• TASK INPUT:
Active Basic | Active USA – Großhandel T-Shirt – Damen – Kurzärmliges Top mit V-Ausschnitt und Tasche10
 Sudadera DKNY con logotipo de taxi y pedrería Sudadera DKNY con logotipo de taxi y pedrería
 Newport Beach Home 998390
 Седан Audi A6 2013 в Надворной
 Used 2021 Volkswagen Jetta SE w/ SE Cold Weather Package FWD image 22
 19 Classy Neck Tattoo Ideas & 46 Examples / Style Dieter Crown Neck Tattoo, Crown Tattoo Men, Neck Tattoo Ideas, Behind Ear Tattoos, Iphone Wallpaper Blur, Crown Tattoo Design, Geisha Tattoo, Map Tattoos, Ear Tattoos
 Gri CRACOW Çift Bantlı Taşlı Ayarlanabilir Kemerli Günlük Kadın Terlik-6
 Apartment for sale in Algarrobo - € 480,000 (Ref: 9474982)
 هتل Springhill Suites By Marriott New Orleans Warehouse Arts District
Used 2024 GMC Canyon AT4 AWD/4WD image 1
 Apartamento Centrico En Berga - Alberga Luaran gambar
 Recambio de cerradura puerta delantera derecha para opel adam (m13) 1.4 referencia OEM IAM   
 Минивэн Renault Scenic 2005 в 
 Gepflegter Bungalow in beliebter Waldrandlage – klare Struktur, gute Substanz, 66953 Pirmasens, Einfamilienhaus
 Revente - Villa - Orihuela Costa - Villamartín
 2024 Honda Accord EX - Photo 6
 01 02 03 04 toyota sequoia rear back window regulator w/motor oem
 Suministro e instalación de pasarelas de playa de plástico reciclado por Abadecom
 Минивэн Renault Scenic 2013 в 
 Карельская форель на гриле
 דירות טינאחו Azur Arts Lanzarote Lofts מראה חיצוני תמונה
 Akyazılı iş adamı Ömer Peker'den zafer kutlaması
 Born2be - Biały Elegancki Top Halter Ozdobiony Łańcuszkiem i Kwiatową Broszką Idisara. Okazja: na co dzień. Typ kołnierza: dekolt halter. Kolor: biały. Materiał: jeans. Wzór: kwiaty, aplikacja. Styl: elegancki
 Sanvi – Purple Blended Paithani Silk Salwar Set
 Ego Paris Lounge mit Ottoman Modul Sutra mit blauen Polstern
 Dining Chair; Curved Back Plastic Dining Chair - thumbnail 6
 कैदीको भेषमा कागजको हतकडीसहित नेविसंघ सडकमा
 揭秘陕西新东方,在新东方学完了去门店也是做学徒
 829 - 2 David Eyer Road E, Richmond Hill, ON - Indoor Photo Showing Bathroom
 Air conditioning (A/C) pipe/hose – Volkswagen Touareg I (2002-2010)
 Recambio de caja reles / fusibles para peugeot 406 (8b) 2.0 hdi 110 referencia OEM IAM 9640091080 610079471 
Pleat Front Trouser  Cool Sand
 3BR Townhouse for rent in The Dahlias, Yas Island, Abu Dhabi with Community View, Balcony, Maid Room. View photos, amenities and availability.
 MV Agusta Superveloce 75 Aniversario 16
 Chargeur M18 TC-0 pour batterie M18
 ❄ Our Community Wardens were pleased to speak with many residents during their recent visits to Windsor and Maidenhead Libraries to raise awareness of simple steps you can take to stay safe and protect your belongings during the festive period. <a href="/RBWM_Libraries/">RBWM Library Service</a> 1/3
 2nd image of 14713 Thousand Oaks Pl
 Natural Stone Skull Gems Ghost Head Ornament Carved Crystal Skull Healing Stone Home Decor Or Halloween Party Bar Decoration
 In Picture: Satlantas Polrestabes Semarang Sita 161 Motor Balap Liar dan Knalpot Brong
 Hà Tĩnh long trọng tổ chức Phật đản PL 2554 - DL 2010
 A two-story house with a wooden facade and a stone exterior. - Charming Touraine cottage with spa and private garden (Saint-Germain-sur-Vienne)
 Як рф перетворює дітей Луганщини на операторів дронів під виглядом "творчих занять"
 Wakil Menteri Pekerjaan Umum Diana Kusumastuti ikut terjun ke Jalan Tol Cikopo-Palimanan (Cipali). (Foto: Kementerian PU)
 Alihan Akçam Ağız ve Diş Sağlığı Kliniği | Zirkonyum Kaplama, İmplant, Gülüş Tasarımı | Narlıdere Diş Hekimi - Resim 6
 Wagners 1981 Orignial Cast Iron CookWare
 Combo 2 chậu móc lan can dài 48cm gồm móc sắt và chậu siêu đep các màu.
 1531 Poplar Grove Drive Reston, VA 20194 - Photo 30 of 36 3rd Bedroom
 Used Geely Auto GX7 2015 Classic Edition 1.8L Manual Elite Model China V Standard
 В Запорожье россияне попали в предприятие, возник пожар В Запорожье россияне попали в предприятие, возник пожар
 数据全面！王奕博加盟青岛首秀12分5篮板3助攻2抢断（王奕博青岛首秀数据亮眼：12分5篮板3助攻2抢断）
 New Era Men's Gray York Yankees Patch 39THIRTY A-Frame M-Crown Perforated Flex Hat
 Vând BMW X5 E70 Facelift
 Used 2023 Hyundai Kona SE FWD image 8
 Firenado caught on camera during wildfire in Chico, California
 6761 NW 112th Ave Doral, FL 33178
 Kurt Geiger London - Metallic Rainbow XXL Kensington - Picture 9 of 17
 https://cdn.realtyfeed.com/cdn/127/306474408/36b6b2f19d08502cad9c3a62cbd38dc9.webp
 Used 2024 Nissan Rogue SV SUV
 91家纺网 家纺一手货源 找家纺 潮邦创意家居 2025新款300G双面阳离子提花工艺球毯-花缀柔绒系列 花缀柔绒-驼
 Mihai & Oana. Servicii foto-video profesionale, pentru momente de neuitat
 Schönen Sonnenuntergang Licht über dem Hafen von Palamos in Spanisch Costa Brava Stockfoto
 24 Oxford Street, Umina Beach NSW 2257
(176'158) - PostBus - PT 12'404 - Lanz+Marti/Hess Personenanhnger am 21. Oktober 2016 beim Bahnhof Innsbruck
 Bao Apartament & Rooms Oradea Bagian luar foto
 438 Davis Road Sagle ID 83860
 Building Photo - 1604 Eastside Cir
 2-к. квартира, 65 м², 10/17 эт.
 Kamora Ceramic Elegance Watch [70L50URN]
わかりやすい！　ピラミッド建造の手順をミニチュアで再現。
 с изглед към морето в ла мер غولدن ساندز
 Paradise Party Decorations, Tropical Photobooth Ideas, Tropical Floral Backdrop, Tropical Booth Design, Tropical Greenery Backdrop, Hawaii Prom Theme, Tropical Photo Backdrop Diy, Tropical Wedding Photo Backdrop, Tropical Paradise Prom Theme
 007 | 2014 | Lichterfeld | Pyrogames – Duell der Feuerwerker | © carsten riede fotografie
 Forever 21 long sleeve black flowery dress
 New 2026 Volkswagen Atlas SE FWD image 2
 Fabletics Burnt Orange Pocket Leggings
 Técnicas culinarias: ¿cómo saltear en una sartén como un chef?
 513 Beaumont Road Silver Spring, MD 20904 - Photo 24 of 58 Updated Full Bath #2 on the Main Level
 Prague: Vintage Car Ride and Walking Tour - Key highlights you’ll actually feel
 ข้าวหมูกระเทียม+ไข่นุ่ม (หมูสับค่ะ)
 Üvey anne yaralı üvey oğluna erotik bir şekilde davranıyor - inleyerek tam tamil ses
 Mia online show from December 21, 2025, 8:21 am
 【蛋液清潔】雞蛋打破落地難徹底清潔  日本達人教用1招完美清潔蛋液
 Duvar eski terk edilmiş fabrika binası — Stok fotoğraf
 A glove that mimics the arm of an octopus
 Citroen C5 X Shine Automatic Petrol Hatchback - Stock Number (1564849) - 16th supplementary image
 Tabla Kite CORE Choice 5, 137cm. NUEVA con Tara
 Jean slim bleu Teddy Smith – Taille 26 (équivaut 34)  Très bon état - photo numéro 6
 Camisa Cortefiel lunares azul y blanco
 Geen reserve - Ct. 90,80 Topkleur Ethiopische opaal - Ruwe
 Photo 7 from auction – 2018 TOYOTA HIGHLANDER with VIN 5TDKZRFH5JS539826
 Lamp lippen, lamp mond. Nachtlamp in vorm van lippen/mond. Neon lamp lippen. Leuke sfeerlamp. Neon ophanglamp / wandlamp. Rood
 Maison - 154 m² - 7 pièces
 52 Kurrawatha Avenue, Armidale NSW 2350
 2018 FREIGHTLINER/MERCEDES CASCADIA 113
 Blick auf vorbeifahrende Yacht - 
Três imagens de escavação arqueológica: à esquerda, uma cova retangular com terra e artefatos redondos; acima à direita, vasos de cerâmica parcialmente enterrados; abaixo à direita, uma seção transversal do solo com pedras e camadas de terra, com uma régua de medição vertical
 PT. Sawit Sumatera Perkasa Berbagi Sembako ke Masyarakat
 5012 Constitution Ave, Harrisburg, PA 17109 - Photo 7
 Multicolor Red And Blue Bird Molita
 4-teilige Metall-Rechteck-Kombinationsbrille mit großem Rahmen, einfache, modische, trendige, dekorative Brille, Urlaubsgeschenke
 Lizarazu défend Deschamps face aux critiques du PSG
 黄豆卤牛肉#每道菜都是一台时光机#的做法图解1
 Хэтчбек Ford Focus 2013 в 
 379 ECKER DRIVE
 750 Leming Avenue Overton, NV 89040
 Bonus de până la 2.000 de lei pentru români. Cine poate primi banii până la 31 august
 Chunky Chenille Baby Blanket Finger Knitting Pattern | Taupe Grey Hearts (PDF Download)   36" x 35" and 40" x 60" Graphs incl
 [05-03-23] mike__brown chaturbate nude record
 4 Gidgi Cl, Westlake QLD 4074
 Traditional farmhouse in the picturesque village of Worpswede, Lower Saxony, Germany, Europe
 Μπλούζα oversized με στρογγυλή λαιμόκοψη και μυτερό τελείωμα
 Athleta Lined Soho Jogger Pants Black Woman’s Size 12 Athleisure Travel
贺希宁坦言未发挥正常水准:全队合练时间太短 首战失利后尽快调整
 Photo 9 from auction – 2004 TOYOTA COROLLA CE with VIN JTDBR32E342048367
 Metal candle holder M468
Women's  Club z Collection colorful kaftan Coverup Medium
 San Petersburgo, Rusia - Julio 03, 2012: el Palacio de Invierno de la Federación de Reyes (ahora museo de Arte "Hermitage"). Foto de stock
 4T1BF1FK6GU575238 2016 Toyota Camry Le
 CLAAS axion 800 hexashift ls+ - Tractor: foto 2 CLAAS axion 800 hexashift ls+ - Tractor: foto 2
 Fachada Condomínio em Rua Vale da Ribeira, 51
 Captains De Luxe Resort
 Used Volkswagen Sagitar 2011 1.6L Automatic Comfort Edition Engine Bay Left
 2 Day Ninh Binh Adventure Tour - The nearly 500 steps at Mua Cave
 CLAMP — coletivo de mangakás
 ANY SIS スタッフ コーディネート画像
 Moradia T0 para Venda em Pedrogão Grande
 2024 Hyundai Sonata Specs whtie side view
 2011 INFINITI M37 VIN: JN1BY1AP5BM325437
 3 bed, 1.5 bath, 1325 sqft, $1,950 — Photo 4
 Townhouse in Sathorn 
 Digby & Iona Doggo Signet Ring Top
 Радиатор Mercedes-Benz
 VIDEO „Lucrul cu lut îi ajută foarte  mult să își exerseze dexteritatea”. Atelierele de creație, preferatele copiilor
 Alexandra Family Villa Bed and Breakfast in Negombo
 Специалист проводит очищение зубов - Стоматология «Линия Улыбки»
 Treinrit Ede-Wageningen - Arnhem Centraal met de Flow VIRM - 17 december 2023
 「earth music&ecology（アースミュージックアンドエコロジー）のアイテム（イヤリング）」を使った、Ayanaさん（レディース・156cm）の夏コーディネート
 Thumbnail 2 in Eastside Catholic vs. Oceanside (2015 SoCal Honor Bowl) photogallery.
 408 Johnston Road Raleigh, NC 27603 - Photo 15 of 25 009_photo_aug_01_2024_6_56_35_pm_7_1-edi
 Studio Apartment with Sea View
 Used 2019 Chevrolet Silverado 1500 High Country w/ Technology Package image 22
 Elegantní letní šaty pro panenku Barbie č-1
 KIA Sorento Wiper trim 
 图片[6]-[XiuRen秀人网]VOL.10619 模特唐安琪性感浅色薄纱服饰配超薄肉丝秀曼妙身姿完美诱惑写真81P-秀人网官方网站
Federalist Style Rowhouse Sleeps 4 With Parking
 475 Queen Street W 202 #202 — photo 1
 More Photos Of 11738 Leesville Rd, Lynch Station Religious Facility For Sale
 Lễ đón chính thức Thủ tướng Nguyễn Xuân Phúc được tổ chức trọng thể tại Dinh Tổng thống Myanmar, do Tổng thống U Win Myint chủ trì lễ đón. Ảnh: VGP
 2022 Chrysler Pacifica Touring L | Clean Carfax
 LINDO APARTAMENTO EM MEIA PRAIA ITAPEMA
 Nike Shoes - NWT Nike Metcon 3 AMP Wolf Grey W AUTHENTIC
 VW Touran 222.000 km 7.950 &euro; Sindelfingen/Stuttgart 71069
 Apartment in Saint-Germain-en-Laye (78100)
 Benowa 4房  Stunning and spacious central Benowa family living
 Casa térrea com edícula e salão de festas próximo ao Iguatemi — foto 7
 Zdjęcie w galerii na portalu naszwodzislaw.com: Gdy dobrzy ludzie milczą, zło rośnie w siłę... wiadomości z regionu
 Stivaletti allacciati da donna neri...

• EXERCISE DESCRIPTION: Your answer should consist solely of the lines above from the line with "с изглед към морето в ла мер غولدن ساندز" to the line with "A glove that mimics the arm of an octopus", both included, reproduced exactly.

• ANSWER SECTION:
 с изглед към морето в ла мер غولدن ساندز
 Paradise Party Decorations, Tropical Photobooth Ideas, Tropical Floral Backdrop, Tropical Booth Design, Tropical Greenery Backdrop, Hawaii Prom Theme, Tropical Photo Backdrop Diy, Tropical Wedding Photo Backdrop, Tropical Paradise Prom Theme
 007 | 2014 | Lichterfeld | Pyrogames – Duell der Feuerwerker | © carsten riede fotografie
 Forever 21 long sleeve black flowery dress
 New 2026 Volkswagen Atlas SE FWD image 2
 Fabletics Burnt Orange Pocket Leggings
 Técnicas culinarias: ¿cómo saltear en una sartén como un chef?
 513 Beaumont Road Silver Spring, MD 20904 - Photo 24 of 58 Updated Full Bath #2 on the Main Level
 Prague: Vintage Car Ride and Walking Tour - Key highlights you’ll actually feel
 ข้าวหมูกระเทียม+ไข่นุ่ม (หมูสับค่ะ)
 Üvey anne yaralı üvey oğluna erotik bir şekilde davranıyor - inleyerek tam tamil ses
 Mia online show from December 21, 2025, 8:21 am
 【蛋液清潔】雞蛋打破落地難徹底清潔  日本達人教用1招完美清潔蛋液
 Duvar eski terk edilmiş fabrika binası — Stok fotoğraf
 A glove that mimics the arm of an octopus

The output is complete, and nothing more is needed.